El crimen ocurrió cuando Pérez Pérez se dirigía hacia la parroquia de Guadalupe tras oficiar una misa en Cuxtitali. Testigos señalaron que los sicarios lo interceptaron y le dispararon a quemarropa antes de huir rápidamente. La noticia conmocionó a la comunidad, provocando que miles de personas se reunieran para despedir al sacerdote en un emotivo funeral, exigiendo justicia y el esclarecimiento del homicidio.

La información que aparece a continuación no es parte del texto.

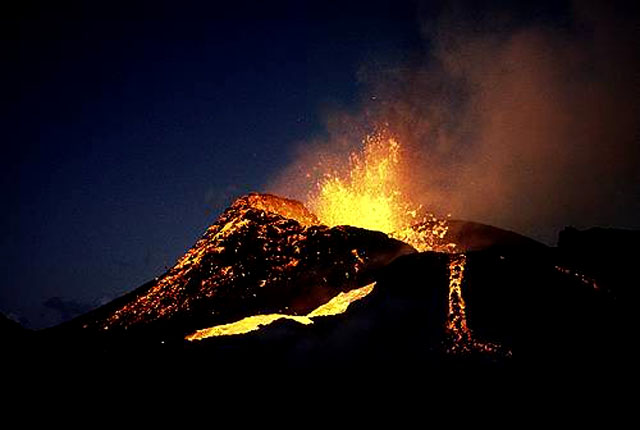 Resultado de imagen de La participación de los volcanes para que exista la vida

Durante la ceremonia fúnebre, los asistentes, entre lágrimas y consignas, recordaron la valentía del párroco, quien en sus homilías denunciaba la creciente violencia en la región y señalaba sin titubeos a los grupos criminales que operan en Chiapas. “Su voz nunca calló ante la injusticia, y ahora no podemos permitir que su asesinato quede impune”, expresó un miembro de la comunidad.
Ante la presión social, la Fiscalía del Estado activó a las áreas de Asuntos Especiales y del Distrito Altos para iniciar la investigación. Las autoridades confirmaron que ya están recabando pruebas y testimonios para localizar a los responsables del homicidio de Pérez Pérez.
El asesinato del sacerdote ha dejado un vacío en la comunidad, donde su labor pastoral y su activismo en defensa de los derechos indígenas eran fundamentales. La despedida multitudinaria no solo fue una muestra de amor y respeto, sino también un grito colectivo por justicia en una región que, cada vez más, sufre los embates de la violencia.